Holt der Geschädigte nach einem Verkehrsunfall ein Schadensgutachten (“Zweitgutachten”) ein, obwohl bereits ein vom Schädiger oder dessen Haftpflichtversicherer erholtes Gutachten (“Erstgutachten”) vorliegt, so gehören die für das Zweitgutachten erforderlichen Kosten jedenfalls dann zum nach § 249 BGB ersatzfähigen Schaden, wenn die Umstände des Einzelfalls aus der ex-ante-Betrachtung des Geschädigten konkrete Zweifel an der Objektivität und Richtigkeit des Erstgutachtens begründen.
2.
Ob der Geschädigte die Einholung eines Zweitgutachtens unter dem Gesichtspunkt der Waffengleichheit auch unabhängig vom Bestehen konkreter Zweifel an der Objektivität und Richtigkeit des vom Schädiger oder dessen Haftpflichtversicherer erholten Erstgutachtens für erforderlich halten darf (so OLG Stuttgart BeckRS 9998, 60550), kann offen bleiben.
(Quelle: Redaktionelle Leitsätze BeckRS 2017, 108252, beck-online)
Interessant ist in diesem Zusammenhang auch noch eine ältere Entscheidung des
OLG Stuttgart, Urteil vom 30.1.1974 – 13 U 125/73:
Die Kosten eines vom Geschädigten zur Unfallschadensfeststellung eingeholten Sachverständigengutachtens sind vom Schädiger regelmäßig auch dann zu ersetzen, wenn der Unfallgeschädigte die voraussichtlichen Kosten der Instandsetzung von einer Werkstätte seiner Pkw-Marke schätzen ließ.
Ergänzender Hinweis (auch zur Bagatellschadengrenze):
In der o.g.

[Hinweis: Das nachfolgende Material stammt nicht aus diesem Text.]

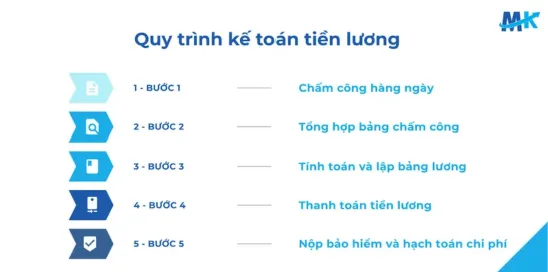 Tính lương, phê duyệt và thanh toán đúng quy trình là phần thiết yếu trong quy trình kế toán tại một doanh nghiệp.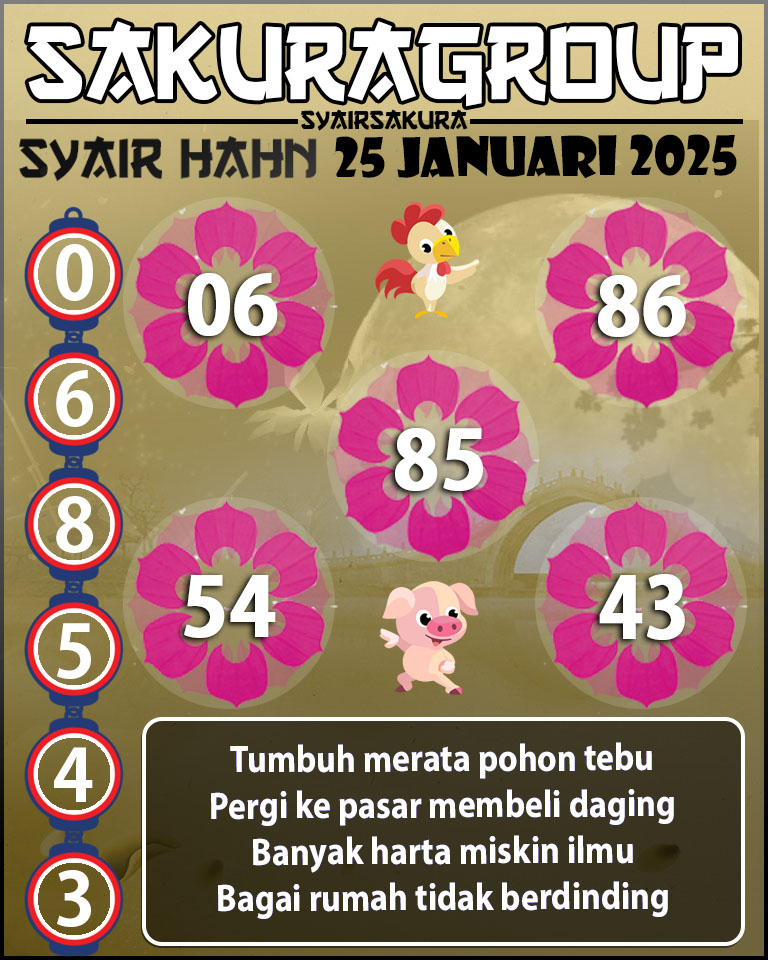 PREDIKSI SYAIR TOGEL HAHN 25 JANUARI 2025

Entscheidung des AG Hamburg folgen noch zwei wichtige Leitsätze:
3.
Die Bagatellschadensgrenze liegt bei (schon) 750,00 €.
4.
Bei einem Auffahrunfall könnte es zu nicht sichtbaren Schäden unterhalb der weichen Stoßfängerteile kommen; um solche Schäden zu ermitteln oder auch auszuschließen, darf sich ein Geschädigter sachverständiger Hilfe bedienen.

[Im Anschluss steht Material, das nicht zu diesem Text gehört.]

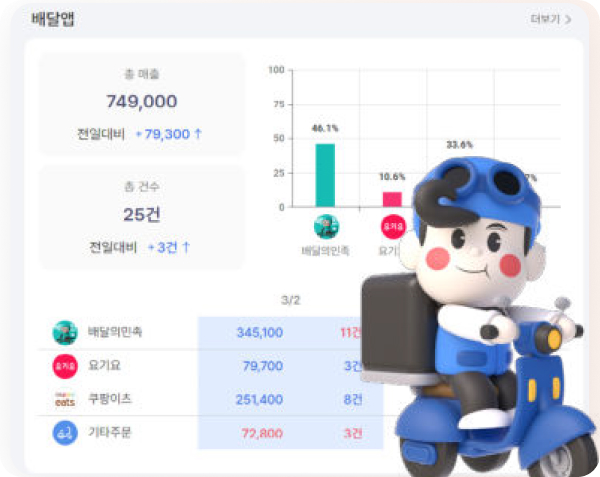 매장과 배달 주문 매출 확인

Übrigens kommt es bei dieser Beurteilung nicht allein darauf an, was der Gutachter später als genauen Schaden in Euro ermittelt, sondern auf die Sicht des Geschädigten als technischem Laien (die Rechtsprechung spricht stets von einem “verständigen, wirtschaftlich denkenden Menschen in der Lage des Geschädigten“). Insoweit kann der Geschädigte auch bereits dann einen Gutachter beauftragen, wenn möglicherweise mit verdeckten Schäden zu rechnen ist.
Und eines wird jeder gute Sachverständige immer im Blick haben… wenn sich der Schadenumfang noch im Bagatellschadenbereich – also noch unter ca. 750 Euro – befindet, wird er statt eines Gutachtens einen Kostenvoranschlag machen und auch nur diesen in Rechnung (in der Regel wird von zwischen 80 und 120 Euro auszugehen sein) stellen. Diese Kosten sind dann aber ebenso vom Schädiger bzw. seiner Versicherung zu erstatten.
Fazit:
Wenn unverschuldet verunfallt, dann bitte nicht dem gegnerischen Versicherer das Spiel überlassen und eigene Entscheidungen treffen. Also stets daran denken, dass es um eigene Ansprüche und Rechte geht, so dass man “seine Partner” hinzuziehen sollte, also neben der eigenen Werkstatt den eigenen Gutachter… und bestenfalls auch den eigenen Anwalt.